Data below:
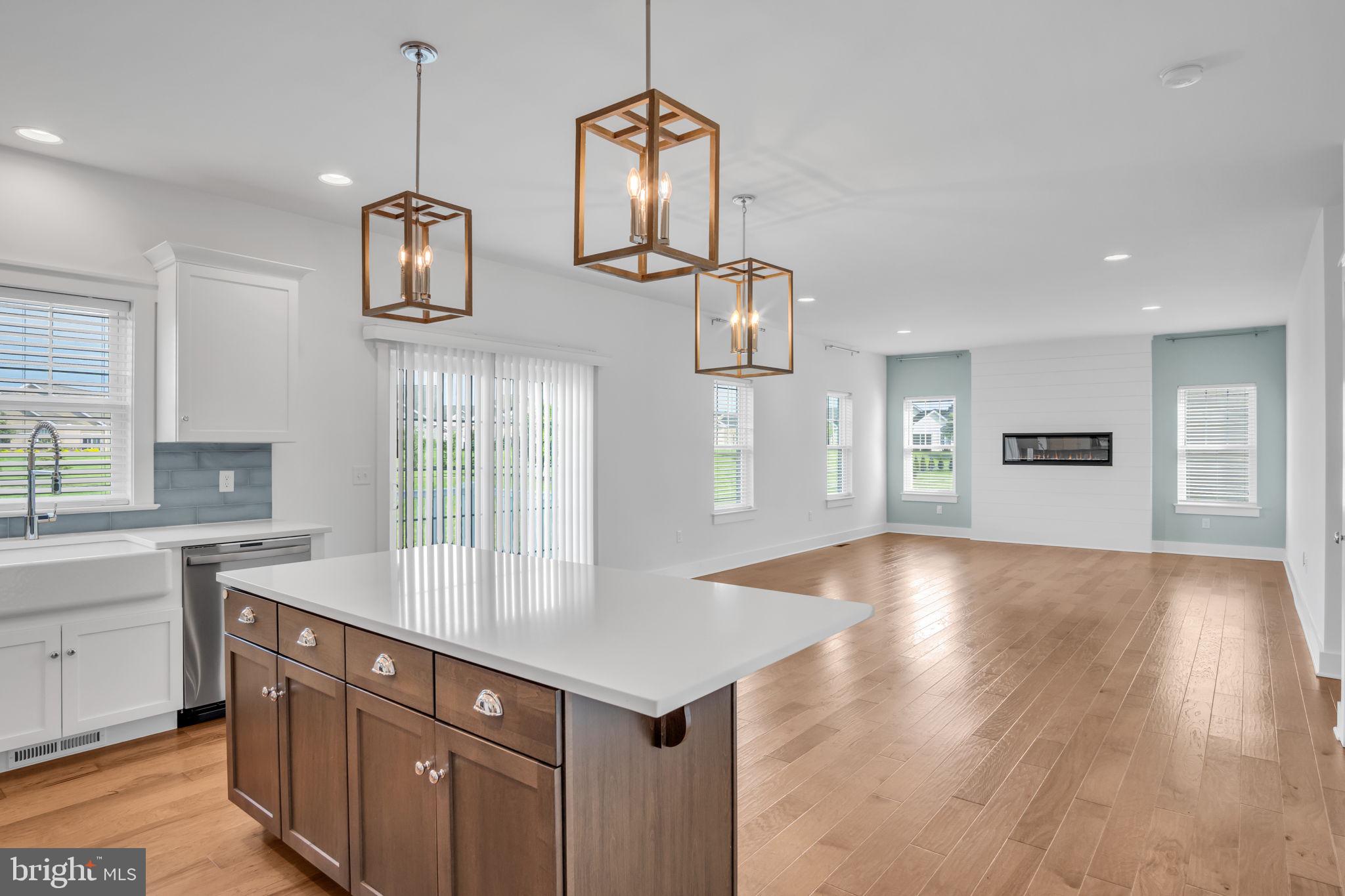 DANBURY GLEN - Residential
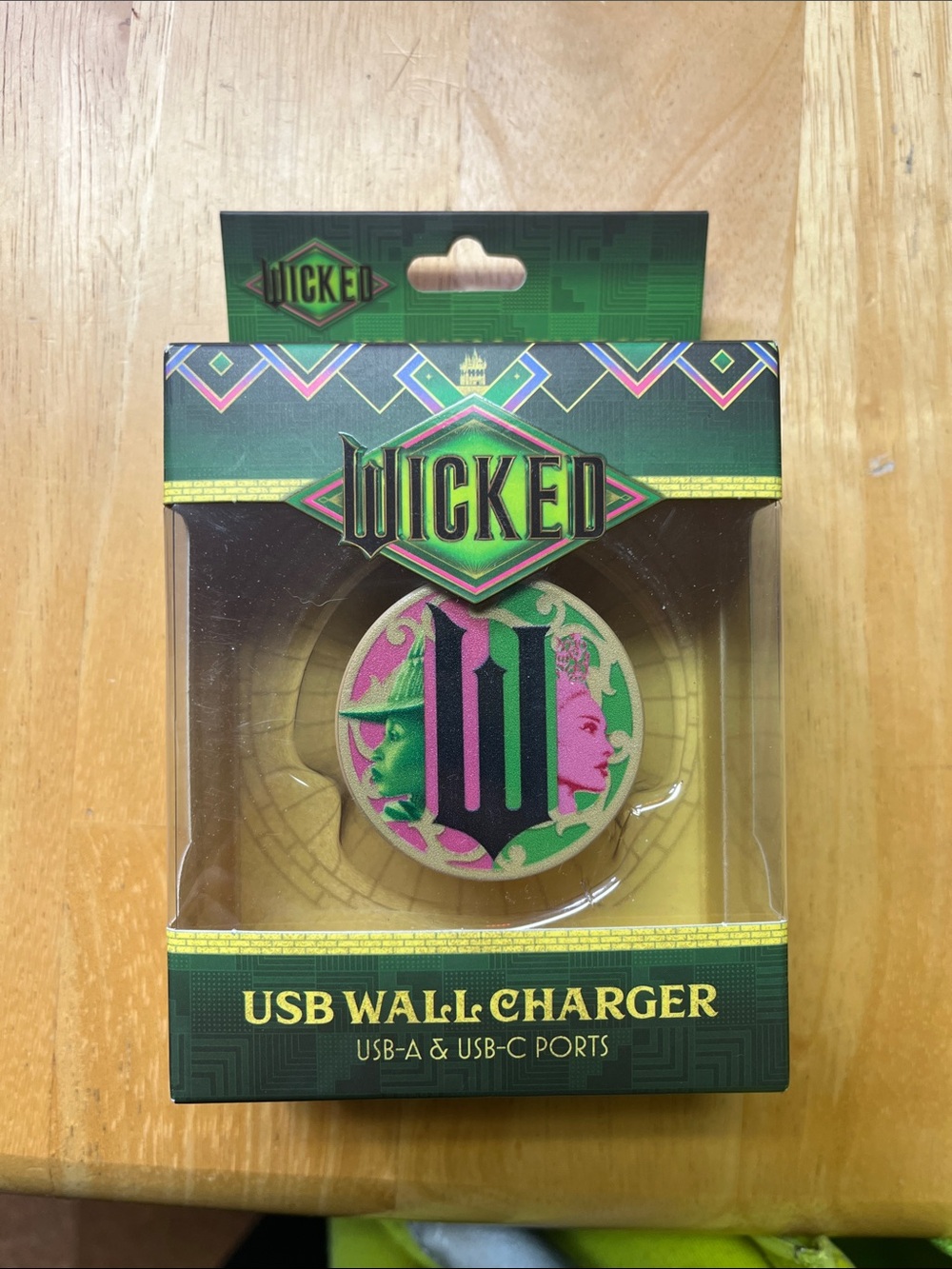 Wicked USB Wall Charger (Green/Pink) - USB-A & USB-C Ports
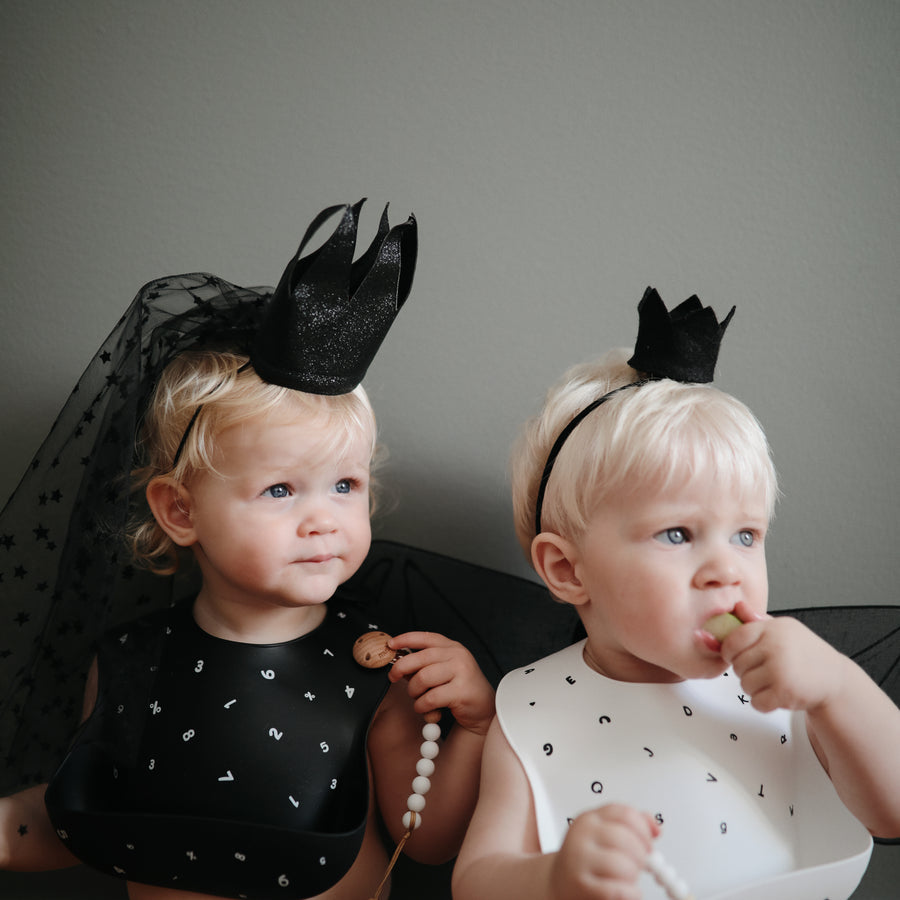 Mushie Silicone Bib White Letters - Laadlee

Description of the task:
Each line of the listing above should be retyped exactly, with no pictures.

Answer for the task:
 DANBURY GLEN - Residential
 Wicked USB Wall Charger (Green/Pink) - USB-A & USB-C Ports
 Mushie Silicone Bib White Letters - Laadlee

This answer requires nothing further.